LDC do INSS derivado de fiscalização

Agenda 01/02/2001 às 00:00

I - INTRODUÇÃO

Muitas empresas são constantemente fiscalizadas por auditores fiscais da previdência social, em alguns casos, o procedimento de fiscalização resulta a lavratura do chamado "Lançamento de Débito Confessado – LDC", no qual são exigidas contribuições arrecadadas pelo INSS e aplicadas as penalidades previstas na legislação.

Pelo seu texto e Ordens de Serviços, este LDC representa uma confissão de dívida pelo contribuinte sendo-lhe, por isto, vedada a apresentação de defesa (impugnação) com o objetivo de contestar administrativamente a exigência.

Ocorre que, esta vedação afronta o seu direito de apresentar defesa contra todo lançamento tributário, resultando a nulidade do ato administrativo consubstanciado no LDC, como restará demonstrado.


II.1 – O LDC É LANÇAMENTO TRIBUTÁRIO EXISTENTE ANTES DA NOTIFICAÇÃO DO CONTRIBUINTE

O LDC representa um lançamento tributário, pois quando originado em procedimento administrativo de fiscalização, a constituição do crédito tributário é realizada nos exatos termos do artigo 142 do Código Tributário Nacional – CTN, principalmente pela atitude praticada pela autoridade fiscal de apurar a ocorrência do fato gerador, o montante devido do tributo, o nome do sujeito passivo e de aplicar as penalidades cabíveis, tudo formalizado em documento fiscal próprio.

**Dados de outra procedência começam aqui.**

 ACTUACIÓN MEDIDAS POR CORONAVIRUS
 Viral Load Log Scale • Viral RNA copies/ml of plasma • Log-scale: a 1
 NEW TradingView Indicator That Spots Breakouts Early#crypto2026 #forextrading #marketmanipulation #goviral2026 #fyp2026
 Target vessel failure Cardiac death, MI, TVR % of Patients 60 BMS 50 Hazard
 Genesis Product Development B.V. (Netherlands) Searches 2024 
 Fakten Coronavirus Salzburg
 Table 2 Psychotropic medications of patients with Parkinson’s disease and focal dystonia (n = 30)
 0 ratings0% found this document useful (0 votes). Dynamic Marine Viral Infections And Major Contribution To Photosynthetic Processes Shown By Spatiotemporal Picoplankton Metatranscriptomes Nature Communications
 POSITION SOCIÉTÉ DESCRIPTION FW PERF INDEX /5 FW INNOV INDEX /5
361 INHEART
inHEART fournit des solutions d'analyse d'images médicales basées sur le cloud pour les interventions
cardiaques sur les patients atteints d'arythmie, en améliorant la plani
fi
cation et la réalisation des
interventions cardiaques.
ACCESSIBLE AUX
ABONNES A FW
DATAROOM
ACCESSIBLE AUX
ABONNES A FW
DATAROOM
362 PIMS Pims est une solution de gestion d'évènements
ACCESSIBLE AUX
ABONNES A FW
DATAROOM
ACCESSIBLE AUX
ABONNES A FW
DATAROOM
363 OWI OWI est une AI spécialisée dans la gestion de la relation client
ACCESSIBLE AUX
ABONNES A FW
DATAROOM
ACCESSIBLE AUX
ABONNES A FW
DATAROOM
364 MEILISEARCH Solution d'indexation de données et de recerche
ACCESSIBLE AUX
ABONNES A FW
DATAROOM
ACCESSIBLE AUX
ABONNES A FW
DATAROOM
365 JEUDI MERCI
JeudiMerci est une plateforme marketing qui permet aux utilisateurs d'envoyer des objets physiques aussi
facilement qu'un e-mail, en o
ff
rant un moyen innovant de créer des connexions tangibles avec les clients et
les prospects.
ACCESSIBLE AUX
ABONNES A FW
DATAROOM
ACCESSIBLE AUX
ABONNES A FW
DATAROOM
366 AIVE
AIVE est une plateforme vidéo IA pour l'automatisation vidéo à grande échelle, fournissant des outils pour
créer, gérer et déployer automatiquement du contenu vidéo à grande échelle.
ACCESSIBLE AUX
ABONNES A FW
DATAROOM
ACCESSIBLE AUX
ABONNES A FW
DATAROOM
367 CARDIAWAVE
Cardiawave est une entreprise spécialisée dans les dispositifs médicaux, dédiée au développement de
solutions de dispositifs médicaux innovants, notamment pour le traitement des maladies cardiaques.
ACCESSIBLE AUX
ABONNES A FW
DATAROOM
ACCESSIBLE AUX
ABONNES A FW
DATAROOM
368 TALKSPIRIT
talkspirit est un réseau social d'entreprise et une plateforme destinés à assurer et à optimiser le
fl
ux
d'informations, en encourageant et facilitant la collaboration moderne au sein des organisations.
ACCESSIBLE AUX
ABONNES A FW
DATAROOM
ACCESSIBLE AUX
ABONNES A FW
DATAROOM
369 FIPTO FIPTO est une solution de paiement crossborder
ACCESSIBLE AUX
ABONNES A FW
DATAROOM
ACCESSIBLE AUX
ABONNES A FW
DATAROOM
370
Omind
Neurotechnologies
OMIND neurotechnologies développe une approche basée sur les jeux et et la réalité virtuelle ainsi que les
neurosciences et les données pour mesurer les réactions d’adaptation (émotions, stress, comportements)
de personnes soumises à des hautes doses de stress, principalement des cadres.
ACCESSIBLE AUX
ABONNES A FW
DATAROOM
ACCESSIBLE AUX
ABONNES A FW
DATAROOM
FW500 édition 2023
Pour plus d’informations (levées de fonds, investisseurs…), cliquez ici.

Em momento imediatamente anterior a notificação do contribuinte, ou seja, da data da assinatura do LDC, o documento formalizado já está a termo conforme vontade da autoridade. Isto, evidentemente, demonstra a existência de um efetivo lançamento tributário anterior a notificação do contribuinte, repita-se, nos exatos termos do artigo 142 do CTN.

Para que o crédito tributário não seja constituído no LDC, mas em ato atribuído ao contribuinte - poderá acarretar confissão de dívida-, a apuração dos valores e demais elementos da dívida deverá ser realizada apenas pela empresa. Tal situação acontece nas declarações entregues as autoridades fiscais, nas quais estão descritas informações sobre os seus créditos/débitos tributários.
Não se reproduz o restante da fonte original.